In 1929, The Roosevelt Garage and Supply Company – which would ultimately become Shipley Energy — opened in York, Pa. Ten years later, the owners purchased The York Oil Burner Company, helping to shift the firm’s focus toward what would become its primary enterprise, the heating industry.
Over the decades, more than a dozen acquisitions, sales, restructures and relocations made Shipley Energy what it is today — the largest locally-owned provider of home heating energy in central Pennsylvania, which includes oil, natural gas, electricity and propane.
But Shipley does much more than deliver fuel. The company employs more than 75 HVAC technicians that serve areas throughout South-central and Southeastern Pa. Throughout its history, the company has dabbled in everything from manufacturing to gas stations. But in all that time, it has never strayed from the early roots established by the purchase of a burner manufacturer. Furnaces and boilers are still a big part of the whole picture at Shipley.
York, though just barely above the Mason-Dixon Line, is still very much boiler territory. And in talking to some of Shipley’s seasoned professionals, it’s not hard to see why the company has grown.
Shipley has several boiler crews that install and maintain both residential and commercial equipment. Dave Scott, who’s been with Shipley for 39 years, is now an installation crew leader, as is Jeff Norris, who’s only been with the company for 37 years. Once in a blue moon, the two men get put on the same job.

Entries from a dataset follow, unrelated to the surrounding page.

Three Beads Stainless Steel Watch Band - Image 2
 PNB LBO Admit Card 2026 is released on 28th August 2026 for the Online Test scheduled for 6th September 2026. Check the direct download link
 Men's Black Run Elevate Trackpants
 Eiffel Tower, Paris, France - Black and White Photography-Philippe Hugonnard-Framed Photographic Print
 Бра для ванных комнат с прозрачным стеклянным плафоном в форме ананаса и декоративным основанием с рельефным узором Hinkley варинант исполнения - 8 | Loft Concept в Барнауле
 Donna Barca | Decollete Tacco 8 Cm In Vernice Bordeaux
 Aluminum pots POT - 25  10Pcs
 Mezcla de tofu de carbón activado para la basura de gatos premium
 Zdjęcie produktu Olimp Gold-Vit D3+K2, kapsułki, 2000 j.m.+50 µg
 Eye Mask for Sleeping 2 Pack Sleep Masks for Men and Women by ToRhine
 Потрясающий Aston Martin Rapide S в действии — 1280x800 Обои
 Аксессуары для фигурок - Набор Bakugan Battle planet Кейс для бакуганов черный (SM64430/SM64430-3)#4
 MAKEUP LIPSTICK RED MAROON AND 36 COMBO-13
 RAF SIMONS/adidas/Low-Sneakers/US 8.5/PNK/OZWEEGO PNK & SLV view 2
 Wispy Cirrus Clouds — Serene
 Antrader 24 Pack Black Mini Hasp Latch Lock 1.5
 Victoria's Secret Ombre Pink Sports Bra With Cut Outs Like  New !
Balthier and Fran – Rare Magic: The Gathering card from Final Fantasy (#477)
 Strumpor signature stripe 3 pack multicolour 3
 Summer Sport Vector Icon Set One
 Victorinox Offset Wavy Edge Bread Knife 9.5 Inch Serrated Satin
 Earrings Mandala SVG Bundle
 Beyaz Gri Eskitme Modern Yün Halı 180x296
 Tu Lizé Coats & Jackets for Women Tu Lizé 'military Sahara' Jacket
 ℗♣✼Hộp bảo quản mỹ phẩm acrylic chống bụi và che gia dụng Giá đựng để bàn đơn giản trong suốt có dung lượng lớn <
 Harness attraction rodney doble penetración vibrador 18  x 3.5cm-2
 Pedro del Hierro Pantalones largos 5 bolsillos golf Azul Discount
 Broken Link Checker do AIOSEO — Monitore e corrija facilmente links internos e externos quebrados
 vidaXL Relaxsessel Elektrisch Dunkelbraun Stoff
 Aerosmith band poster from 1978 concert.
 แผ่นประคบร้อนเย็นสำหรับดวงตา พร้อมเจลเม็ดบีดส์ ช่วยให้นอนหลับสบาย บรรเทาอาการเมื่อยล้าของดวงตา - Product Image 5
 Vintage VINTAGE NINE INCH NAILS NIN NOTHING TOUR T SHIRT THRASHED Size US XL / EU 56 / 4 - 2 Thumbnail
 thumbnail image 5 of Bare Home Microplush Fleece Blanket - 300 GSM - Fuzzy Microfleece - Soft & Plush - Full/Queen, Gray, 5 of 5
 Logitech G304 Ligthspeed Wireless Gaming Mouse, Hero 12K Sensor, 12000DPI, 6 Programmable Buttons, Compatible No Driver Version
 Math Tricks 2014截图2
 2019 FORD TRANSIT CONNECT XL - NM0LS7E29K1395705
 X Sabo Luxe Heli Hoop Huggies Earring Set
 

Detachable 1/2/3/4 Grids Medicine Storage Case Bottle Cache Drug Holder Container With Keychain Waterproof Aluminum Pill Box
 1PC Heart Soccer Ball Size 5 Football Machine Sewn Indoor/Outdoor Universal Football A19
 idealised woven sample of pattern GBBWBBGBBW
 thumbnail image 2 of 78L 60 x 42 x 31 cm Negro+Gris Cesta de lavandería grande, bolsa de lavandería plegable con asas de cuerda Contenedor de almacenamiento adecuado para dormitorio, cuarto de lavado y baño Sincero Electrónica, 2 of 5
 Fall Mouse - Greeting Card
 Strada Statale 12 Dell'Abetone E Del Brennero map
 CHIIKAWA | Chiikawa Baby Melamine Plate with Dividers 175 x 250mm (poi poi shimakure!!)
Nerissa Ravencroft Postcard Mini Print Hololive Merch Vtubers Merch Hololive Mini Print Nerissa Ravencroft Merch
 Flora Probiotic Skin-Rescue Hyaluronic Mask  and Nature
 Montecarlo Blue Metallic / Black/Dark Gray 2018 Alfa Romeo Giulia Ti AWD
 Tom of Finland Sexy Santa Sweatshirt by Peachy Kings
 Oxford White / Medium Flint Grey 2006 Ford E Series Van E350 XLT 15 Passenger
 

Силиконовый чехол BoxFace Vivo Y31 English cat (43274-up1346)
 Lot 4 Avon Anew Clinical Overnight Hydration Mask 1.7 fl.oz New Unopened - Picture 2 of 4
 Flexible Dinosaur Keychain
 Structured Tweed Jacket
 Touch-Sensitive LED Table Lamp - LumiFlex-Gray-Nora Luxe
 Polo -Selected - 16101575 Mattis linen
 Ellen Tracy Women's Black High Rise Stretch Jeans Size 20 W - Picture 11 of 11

By watching the two work together, it’s easy to tell they’ve been at it a while. Sometimes Norris is Scott’s right hand, sometimes it’s the other way around. Either way, they seem to move as though a single mechanically-inclined brain controls them both. The 2,500 square-foot home’s existing radiant and cast-iron baseboard made it an ideal application for a condensing boiler, but not before a back-breaking demolition process.
Tough tear out
The original boiler — a 150 MBH, oil-fired American Standard — was in a far crawlspace of the home, down in a three-foot deep “well.” Inevitably, having the boiler lower than the foundation spelled water problems. LaPrairie had fought for years to keep the hole dry and the boiler running, but last year’s hard rains were too much.
“Several times I attempted to seal the block. I tried to install an automatic sump pump, but I just couldn’t get the float low enough to trip before the water level reached the boiler’s pilot flame,” said LaPrairie. “So I wired the pump to a light switch, and just came down and turned it on any time it rained hard.”
The boiler limped along through the summer and fall, but finally failed in February. At the time, LaPrairie had just received a Shipley Energy flier in the mail, advertising its many services — and among them — installation of a Burnham Alpine condensing boiler.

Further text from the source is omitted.